What is different about performing on radio compared to a life performance? What should musicians new to performing live on-air be aware of?

Radio performance can be a very sterile experience. You are in this very acoustically dry studio, are given the signal and then have to play without any sense of audience energy or feedback. It can feel like a soulless environment and a rather unforgiving one. That said, it can also be very liberating, feeling like you are alone in this silent space that allows you to surrender entirely to your thoughts. Summoning the adrenaline to perform can sometimes be a little trickier. When Arthur Schnabel became the first person to record the Beethoven sonatas, he apparently insisted the record company pre sell the albums and he then kept a copy of all the names of people who had ordered on the piano during the recording process to feel like he had an audience. I love that story! In terms of a young performer approaching radio performance for the first time: remember that the crew around you are your best friends who only want to help make you sound better on air. Trust the crew that they know what to do to make you sound your best. Never forget you're surrounded by microphones and one small accident could have you unknowingly on air so always be professional and don't say anything around a microphone that you don't want the world to hear.

And the scarier bit - talking after your performance! What advice do you have for people who have never spoken live on air before? 

Be yourself! It's amazing how any fakeness about you is immediately perceptible to the audience. You must be natural and just chat like you would with a group of friends. In a setting like this there aren't likely to be any trick questions or things you shouldn't know so there is no need to stress. In the particular context of The Talent, an important thing to remember is that even if you were unhappy with how you performed, it almost certainly came across better to the panel and audience so you must put those thoughts aside and leave any negativity at the door when you enter the studio so you can maintain a bright and friendly demeanour on air.

For the people listening from home, what can you take away from tuning into an episode of The Talent, even if you weren't performing in it yourself?

I think people who love music always find the deconstruction and constructive criticism of it interesting and educational. Certainly students can learn a great deal about their own instrument and repertoire but music lovers can perhaps be opened up to new genres of repertoire and ways of thinking about interpretation. One thing I often find interesting is that well read music lovers who are not trained musicians often have very finely honed ears and can identify very quickly what is really good playing and what doesn't grab them as much but often don't have the language to express why they react in this way. Hearing professionals criticise the performers can often provide revelations as to why they think the way they do about something. Of course there can also be fantastic opportunities for listeners to disagree strongly with what we as panelists thought! Occasionally there will be a great disagreement between the panelists too and that certainly makes interesting radio!

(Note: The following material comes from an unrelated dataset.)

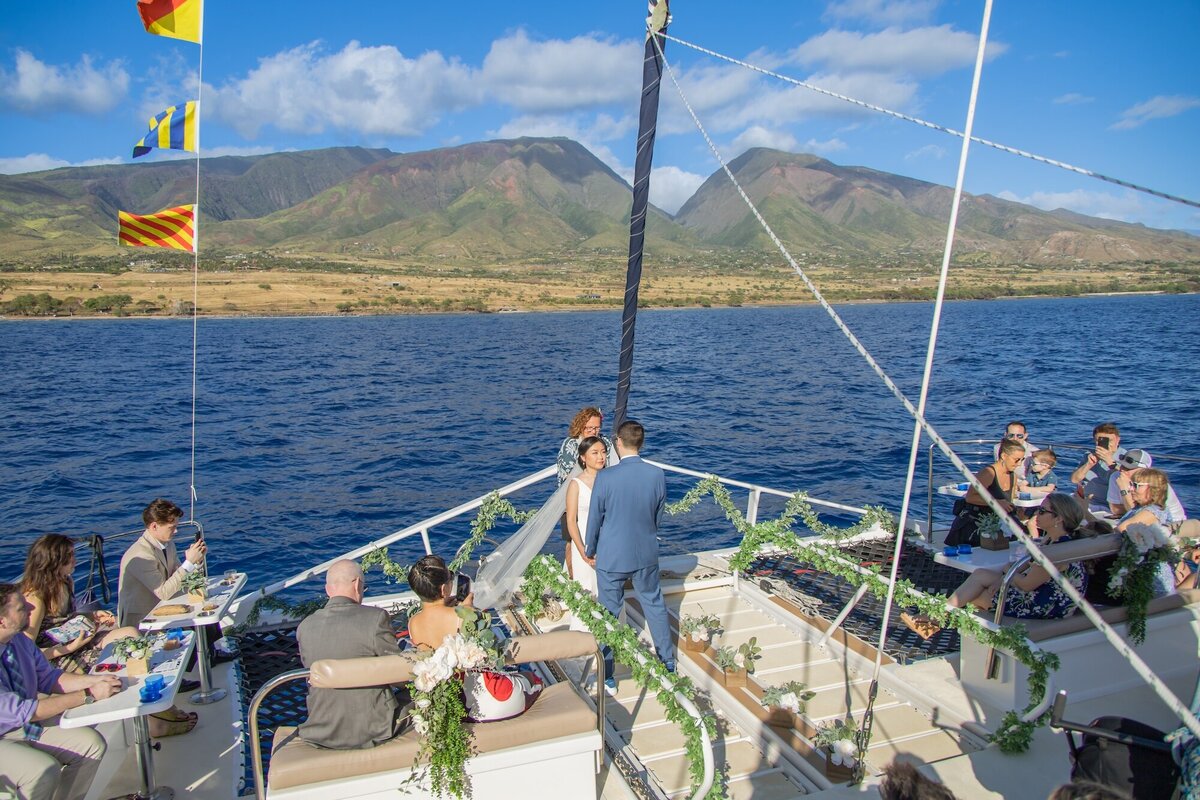 wedding photos on a boat in Maui, Hawaii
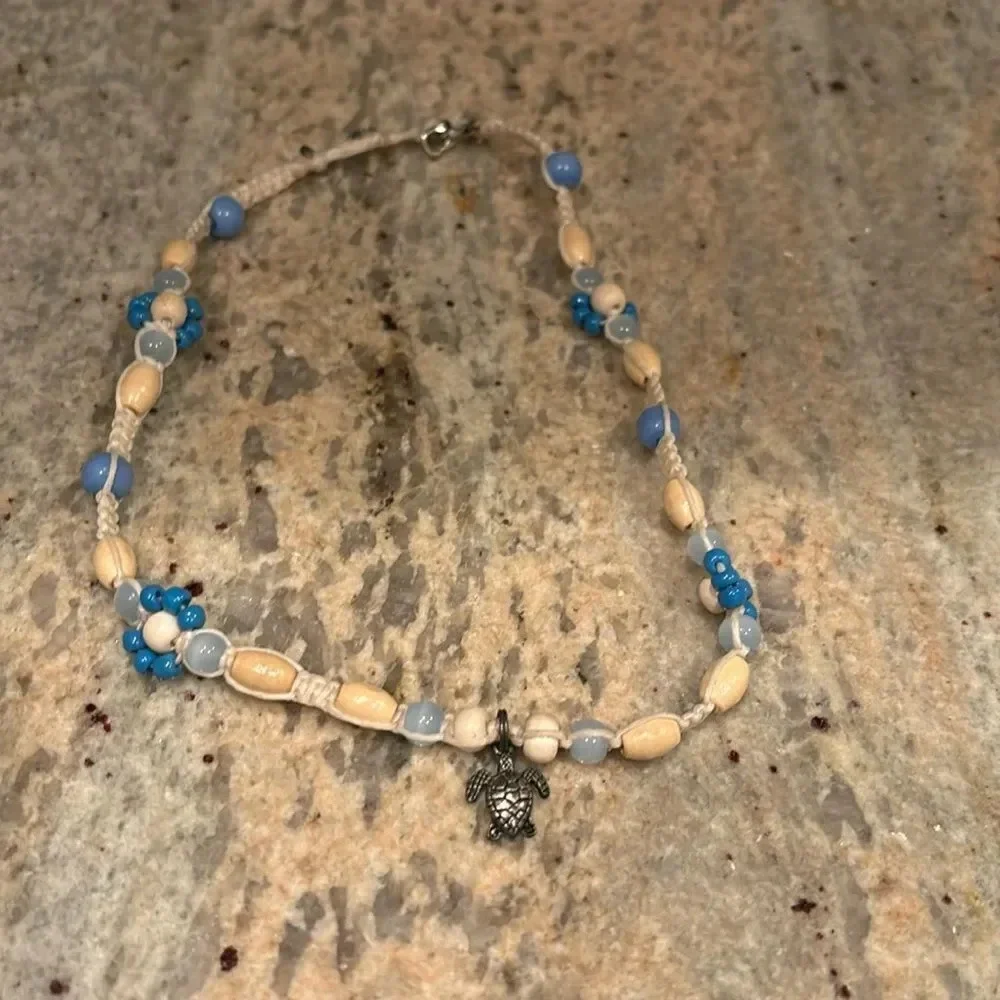 Kids beaded necklace with a silver turtle at the bottom of the necklace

As a performer yourself, what advice do you have for the young musicians starting their performance journey?

Be prepared to fight for what you want and know that to really master what you are doing will take years and many countless hours of blood, sweat and tears. Know that there will be many, many days of disappointment and that they are the most important days in shaping who you finish up as. And know that what you are doing is important, special work that has the ability to transform lives. The world more than ever needs those whose preoccupation is on creating meaning and beautiful get to it!